One of the biggest questions that many retirees have as they approach retirement is whether or not to stop working or to work for another year. Financial experts have even coined a term for this and call it the “work one more year syndrome” as it’s so prevalent. In some cases those nearing retirement go through this syndrome as they fear that their retirement savings won’t last and, unfortunately, in many cases that’s true.
Whether or not you have sufficient funds to retire is one of the main reasons to keep working longer and below you’ll find a number of others as well as some suggestions and advice that will help you to determine whether you should stay in the workforce for another year or get out while the getting’s good. Enjoy.
One thing to consider is adding an income stream during retirement that doesn’t take too much effort. Frankly, there are many who believe that retirement means that they’re going to completely stop any and all of their activities that create income but, in many cases, retirement opens the door to making a bit of income on a side. From investing in real estate and becoming a landlord to turning your hobby into an income generating activity, there are plenty of ways to generate a few bucks to keep from having to take money out of your nest egg and stretch your retirement funds a bit further. If you can do this, you may not need to continue working for that extra year.
By building a reasonable amount of cushion into your plans you may well be able to retire now rather than later, sure, working another year means that your retirement nest egg will be bigger but, if you develop a detailed budget now and identify those areas where you could considerably cut back on spending, you may be able to forgo working at extra year and get started on your retirement now. The fact is, while working longer is certainly a conservative plan for retirement, there are many other plans that work just as well. You also need to consider where you are storing the cushion. A TFSA VS RRSP is probably the way to go. A tax free savings account allows your savings to enjoy tax free growth, tax free withdrawals, as well as the ability to redeposit the money as you choose. A registered retirement savings plan just doesn’t enjoy the same tax benefits as a TFA.
Understanding how the 4% rule works and creating a plan based on it is definitely a must. While it’s easy to understand that withdrawing 4% annually is generally a sustainable plant, very few people know the actual intricacies behind this financial rule of thumb. Having a clear understanding of how future changes will affect your portfolio, knowing the asset allocation that’s going to be used, as well as knowing how all of these numbers are calculated will help you to determine whether or not retiring now is an option or if working another year is going to be a necessity.
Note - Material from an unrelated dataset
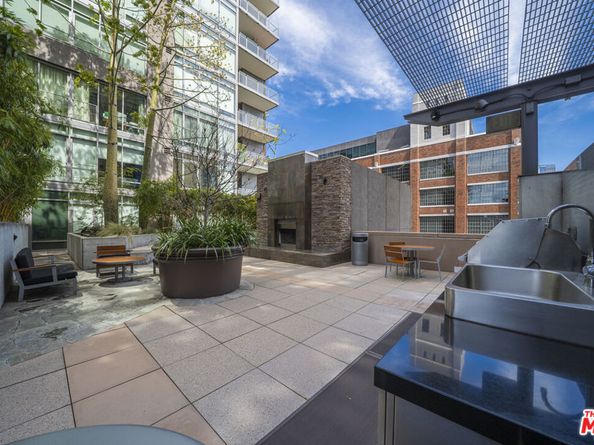 1100 S Hope Street 805, Los Angeles CA 90015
The more flexibility that you have with withdrawals the better chance that you’ll be able to retire sooner than later. The fact is, you can greatly improve the chance that your nest egg will never be depleted simply by keeping track of the market and suspending the inflation increase when they don’t cooperate. This goes against the 4% rule that assumes that a retiree will start withdrawing a fixed amount immediately and then increase their withdrawals by inflation, even if the market goes south. Fortunately this can usually be accomplished by cutting back on some parts of your budget temporarily and, in most cases, you won’t even notice the sacrifice. If you do it right, working an extra year will probably not be a necessity.
The fact is, it’s always best to be optimistic about the future and, even though future returns might not be as good as a used to be, your portfolio will generally do fine as long as you don’t have the unfortunate circumstance of retiring during the same time that the market is going through a significant downturn. If you’re flexible with your spending you can always find another job if this happens but, in most cases, if you’ve done your planning correctly and the market is looking good, retiring now is probably not a bad idea.
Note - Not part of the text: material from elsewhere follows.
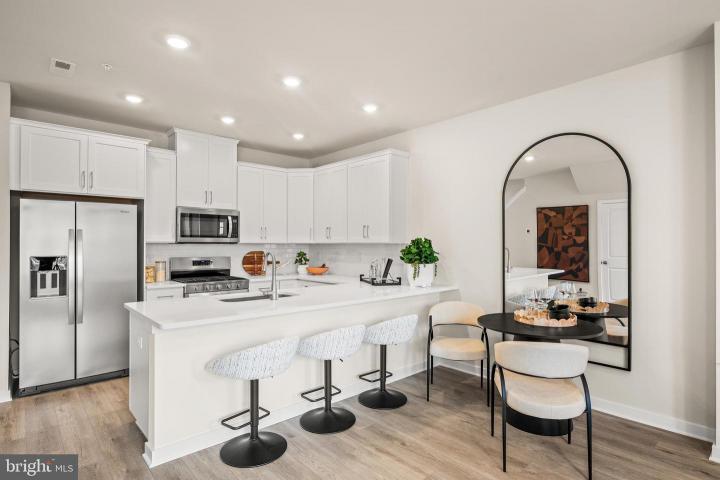 Photo of 221 Bronze Street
The fact is that nobody knows for sure if their retirement nest egg will last them for the rest of their life. With that in mind, taking a few precautions now and, if need be, working an extra year to build that retirement account up may mean the difference between living your retirement in style or not.
By familiarizing yourself with some of the strategies that we’ve gone over above you’ll be able to weather any unforeseen events that occur and, as soon as you hit that wonderful retirement savings goal, you’ll be able to quit your job and start enjoying those golden years if you choose to.